(Exercise instructions):
Where the line containing "Four Peace Silver Dollars" appears, start repeating, and continue exactly through the last line below, adding nothing. Include no pictures.

[Recorded data]

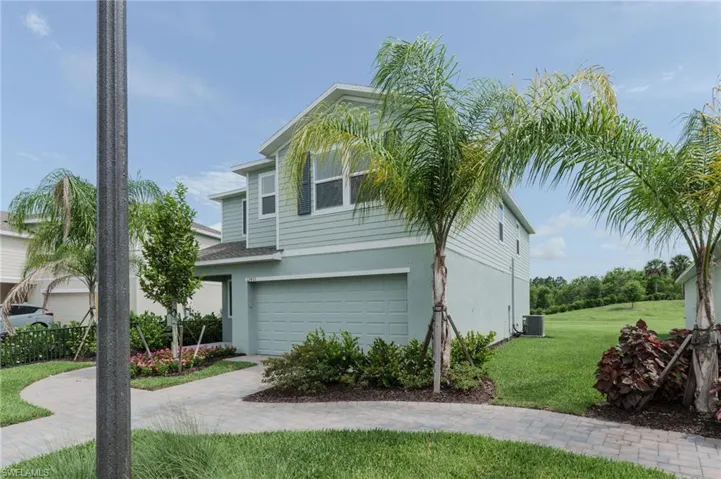 Contemporary two-story exterior featuring a light green and gray facade, an integrated garage, a paver driveway, mature palm trees, and lush landscaping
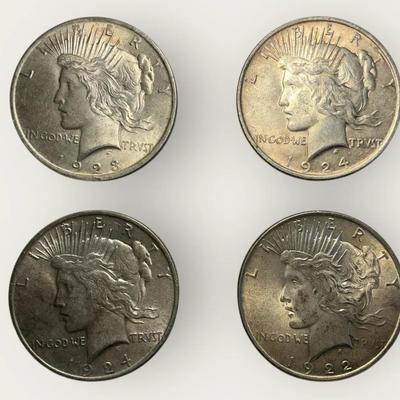 Four Peace Silver Dollars 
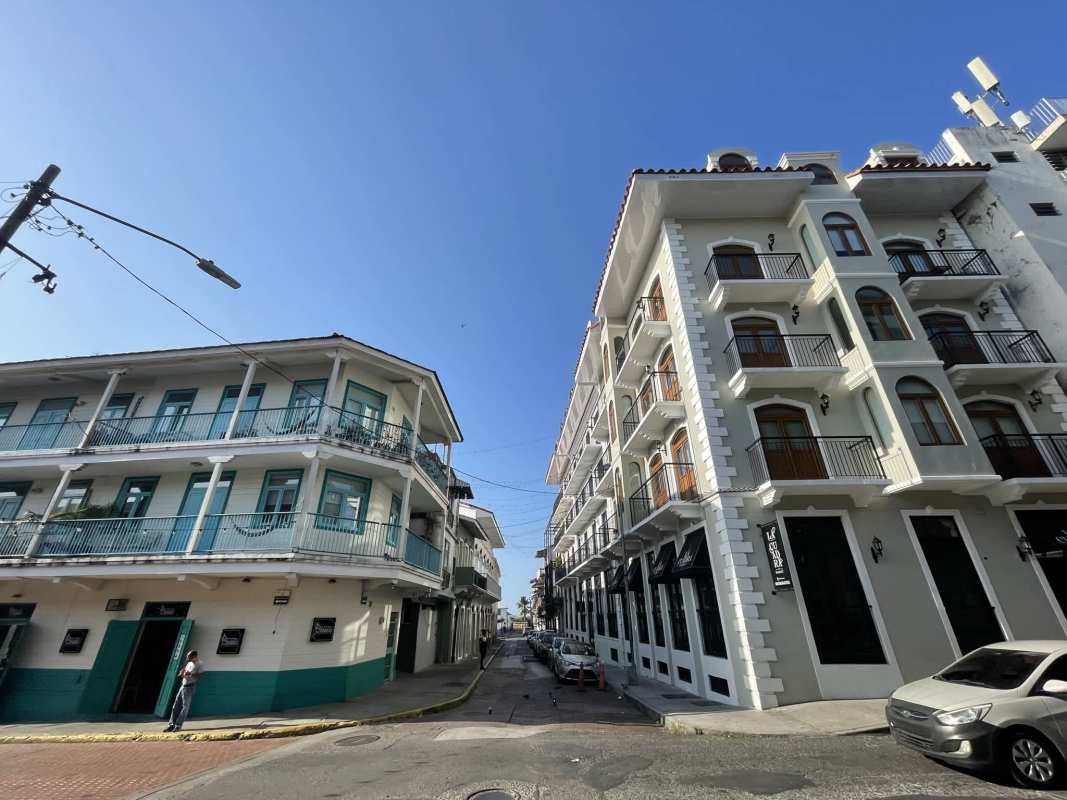 Multi-story colonial corner building with balconies and street view Casco Viejo Panama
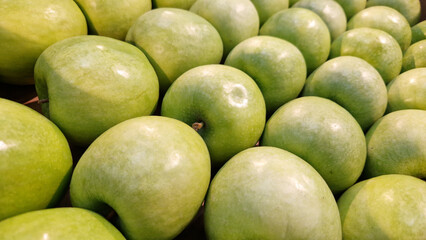 Variety of fresh apples on the supermarket counter. Apples for sale in the supermarket. Ripe juicy apples close-up with selective focus. Fruits. Heap of apples for sale in the store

[/Recorded data]

(Response to the task):
 Four Peace Silver Dollars 
 Multi-story colonial corner building with balconies and street view Casco Viejo Panama
 Variety of fresh apples on the supermarket counter. Apples for sale in the supermarket. Ripe juicy apples close-up with selective focus. Fruits. Heap of apples for sale in the store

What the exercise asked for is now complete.